True, i have no idea what people's motives are just by listening. I don't assume to know what they are. Only what all music makes me feel as I listen. 

I dunno, sometimes I wonder if midi based composers care too much about whether or not their strings 'sound' real and if they have enough notes. Although, I could be wrong about all of it.

Oh well, different strokes make the world go round.

(*disclaimer -- I do believe in training)


----------



## joaz (Jan 17, 2007)

I am like an agnostic priest.... in that I have taught composition.....but I am not really sure if it can be taught.
Or rather, I think it can be taught, but only to people who would be composers anyway, with or without the benefit of tuition.

If you dont have the inbuilt faculty to compose, then you end up with music, that is correct......but horrible.
If you have the inbuilt faculty to compose, then, *maybe* tuition can show you a few good shortcuts.

While at conservatoire, I studied with some pretty fancy, High Falutin' "Names". Very nice for the CV. :razz: 
What I actually learned about composition from these August Individuals is about 0.1% of what I now know about writing music. Being surrounded by lots of young super-talented musicians was very stimulating. But I know guys who grew up playing in great rock/jazz bands who had the same kind of stimulation.
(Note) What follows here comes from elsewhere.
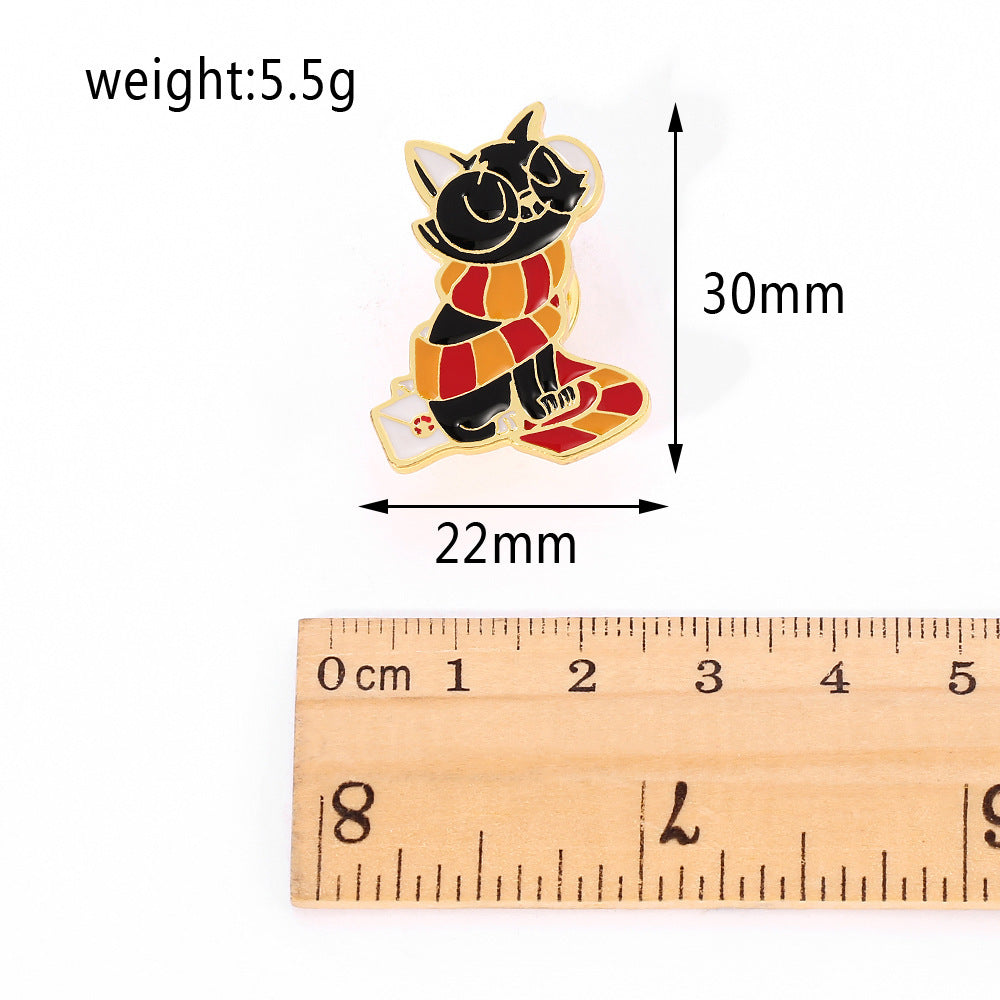 Broche Esmaltado Metálico Gato Fashion Con Pañuelo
Anyone who doesnt seek to improve at music-making is a fool.
Anyone who thinks a classical education is the only route to being a good composer is simply narrow-minded. 
Having said that, simple curiosity should be enough to make one enquire into what has been achieved by the Orchestral instrument ...thus far.

I think discussions about string writing in particular tend to have an anxious tone, because it is the section of the orchestra that is most difficult to realise from the midi/samples perspective.
So we all tend to resort to tricks....smoke and mirrors....gadgets and do-hickeys to even get close.
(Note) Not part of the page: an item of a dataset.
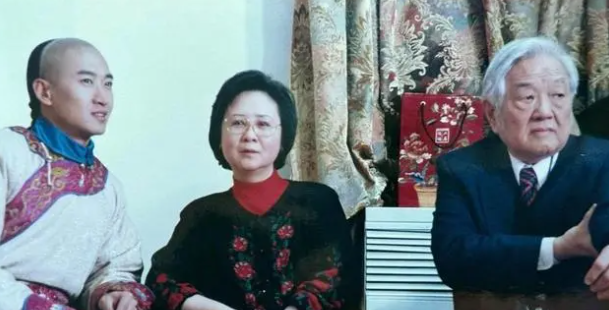 琼瑶离世,意外牵出了她和周杰的“往事”,原来这才叫知恩图报!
It is something of a conundrum, that the most expressive section of the live orchestra, is the least expressive in the midi/samples domain.
Perhaps this accounts for the samey-ness of the string writing in a lot of the mock-ups one hears. People seem to realise what samples can't do very well, and so tend to stick with what sounds passable.

Anyway.............dont mean to hijack the thread.......just some rambling ponderings. :smile: 

regards Joe


----------



## wonshu (Jan 17, 2007)

You think the strings are the least easy to program? I beg to differ... you can get away with a lot using todays string samples.

Getting a great flute or oboe line the way it's supposed to be is a whole different story.

Solo instruments are _very_ far from being where they should be. Sections sort of work.

My opinion.

Cheers
Hans


----------



## choc0thrax (Jan 17, 2007)

wonshu @ Wed Jan 17 said:


> You think the strings are the least easy to program? I beg to differ... you can get away with a lot using todays string samples./quote]
> 
> I think strings are the furthest away from where I want them to be.


----------



## kid-surf (Jan 17, 2007)

Joaz -- I like the way you think. Open minded! (no hijacking took place that I saw... just ideas traded) 


String debate? -- Well, for me, strings are by far the weakest part of the equation. They don't often play the way I'd rather they did... usually because those articulations don't exist. Even if they did, it'd be a ton of work and still wouldn't achieve what I'm hearing in my head.

If I've got the choice between a live string section -vs- a solo flute or oboe? Peace. I'll take strings no question.

But that's me.


----------



## wonshu (Jan 18, 2007)

Not exactly my point, the point was, the strings even though still being very very VERY flawed in the sample world are still lightyears ahead of what solo instruments like flutes, oboes or solo trumpets should do!

I would also always choose the strings to record as it's better to have a nice bed.

Anway...


----------



## kid-surf (Jan 18, 2007)

I guess it comes down to one's perspective. Since strings are the thing I used the most I see them as the weak link. I've only done one cue this year (well, 2006) with solo flute/oboe exposed and I thought it sounded fine. I didn't feel I was limited by the samples all that much. Then again, I mostly use them to layer when I do use them. 

I guess it depends on your style of writing as well.


----------



## wonshu (Jan 19, 2007)

True!


----------